Programme Code: V100BA/H Duration: 3 or 4 years

Overview

2015 Entry Requirements

  • A Levels: AAB
  • IB: 35 (6/6/5)
  • BTEC: DDM
  • Access to HE: Minimum of 30 Level 3 Credits at Distinction
  • Scottish Highers: AAABB
  • Scottish Advanced Highers: AAB
  • Irish LC: 340 points from 5 Higher level subjects at grade C1 or above
  • Advanced Placement: 4 4 5 (Two semesters - UCAS Group A) plus US HSGD with GPA 3.0
  • Euro Bacc: 80%
  • French Bacc: 14/20
  • German Abitur: 2.0
  • Italy DES: 80/100
  • Austria Mat: 2.0
  • Polish Mat: Overall 75% including 3 extended level subjects

Interview Policy: Candidates with ‘non-standard’ qualifications usually invited

The single honours history degree provides a high standard of training in history as an academic discipline and develops in students an in-depth understanding and appreciation of the history of Africa and Asia.

The BA History course offers students different approaches to historical subject matter, interpretation and methodology—from the different perspectives of, for instance, economic history or the history of religion and culture. Undergraduate courses also follow a principle of progression.

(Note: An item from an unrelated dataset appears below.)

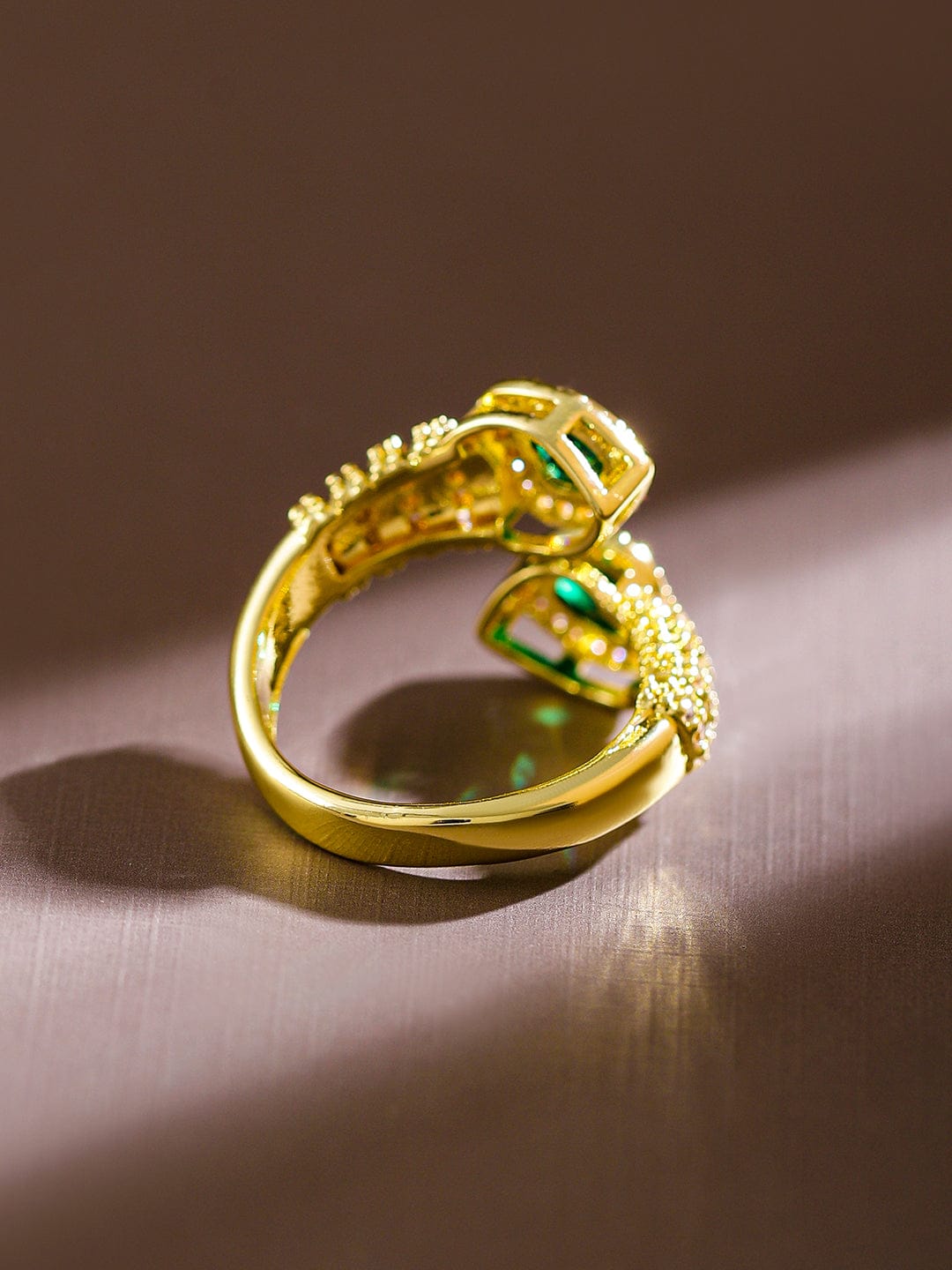 【Rubans】 18K Gold-Plated Emerald & CubicZirconia Studded Heart Motif Openable Ring｜18K ゴールドメッキ エメラルド＆キュービックジルコニア ハートモチーフ オープナブルリング｜フリーサイズ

The SOAS History Department is one of only a handful of universities to achieve the highest 5* rating in the 2001 government assessment of research in UK universities and unique in its expertise in African and Asian history.

Structure

Learn a language as part of this programme

Degree programmes at SOAS - including this one - can include language courses in more than forty African and Asian languages. It is SOAS students’ command of an African or Asian language which sets SOAS apart from other universities.

General Structure

The learning outcome of this degree is cumulative in terms of knowledge, and the courses aim at enabling students with cognitive skills essential to the understanding of the subject.  This is reflected in the levels of the courses. In the first year, students take introductory courses only, moving on to intermediate level courses in the second year, and then to advanced courses (and perhaps another intermediate course or two) in their final year.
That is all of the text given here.